About the `rdf-types` library from Timothée Haudebourg on 2024-08-22 (public-r2c2@w3.org from August 2024)

From: Timothée Haudebourg <timothee.haudebourg@spruceid.com>
Date: Thu, 22 Aug 2024 17:31:03 +0200
To: public-r2c2@w3.org
Message-ID: <e1893390-b912-48df-9e9b-9cb5657844e9@spruceid.com>
Hi everyone,

As I said in my introduction, I am the author of the `rdf-types` library 
[1] defining types and traits for RDF (triples, quads, datasets, etc.). 
In this email I would like to take this time to explain the philosophy 
and design choice I adopted while writing `rdf-types`.

I wanted `rdf-types` to be both strongly-typed and unopinionated, but 
with "good default opinions".

  * By "strongly-typed" I mean that it provides and uses precise
    dedicated types for each RDF concept.
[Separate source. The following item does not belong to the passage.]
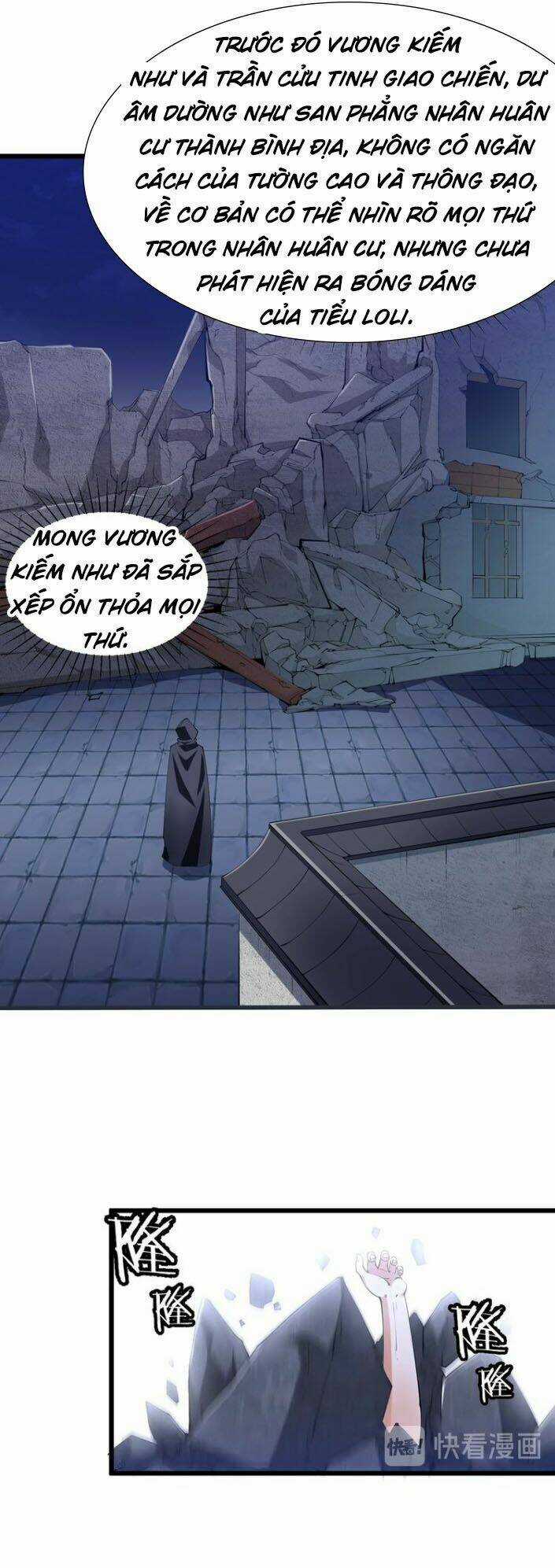 Ngự Thiên Thần Đế Chapter 49 trang 5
Never use `str` or `String`
    when we can be more precise. I created the `iref` crate [2] to
    define IRIs (we can discuss why not `iri-string` another time), but
    `rdf-types` by itself also provide a `BlankId`
    (unsized)/`BlankIdBuf` (sized) type for blank node identifiers,
    `Literal` for literal values with strongly typed lang tags, etc.
  * By "unopinionated" I mean that it uses type parameters as to provide
    flexibility, allowing the use of even more refined types, or just
    different types. It stills try to provide good defaults so type
    parameters can be ignored, for instance the `Quad` type is
    equivalent to `Quad<Id, IriBuf, Term, Id>` (a lexical RDF quad).

# Vocabularies

Because it can be really expensive to manipulate strings directly 
(linear time comparisons, memory usage), it is even possible to replace 
IRIs, blank ids and literal values with cheap types, like `u32` (but it 
can be any type really).
To find the term associated to each `u32`, `rdf-types` define various 
`Vocabulary*` traits, mapping each value to a term.
I think this is a really important feature to have when manipulating 
large datasets.

# Interpretations

`rdf-types` is not only about terms (the syntactic representations of 
resources), but also interpretations.
Users can use any type to represent interpreted resources (like `u32` 
again), and define custom interpretations using the `Interpretation*` 
traits.
In practice this means that a user will define what are lexical quads 
and interpreted quads like this:

type LexicalQuad = Quad<Id, Iri, Term, Id>;
type InterpretedQuad = Quad<Resource>;

Then its possible to go from `Quad` to `LexicalQuad` using a vocabulary, 
and from `LexicalQuad` to `InterpretedQuad` using an interpretation.
Of course interpretations can be reversible, so we can retreive the 
(potentially multiple) lexical representation(s) of a resource.
In practice I find that it is much much much easier to manipulate 
interpreted datasets.

# Datasets

`rdf-types` provide traits for interpreted datasets and graphs. Each 
trait define a feature of the dataset, for instance:
- DatasetMut: a dataset with an `insert` method
- TraversableDataset: a dataset that can provide an iterator over the quads
- PatternMatchingDataset: a dataset that provides a pattern matching method
- etc.

Again, users can implement those traits as they see fit, but `rdf-types` 
also provide good defaults with `BTreeDataset`.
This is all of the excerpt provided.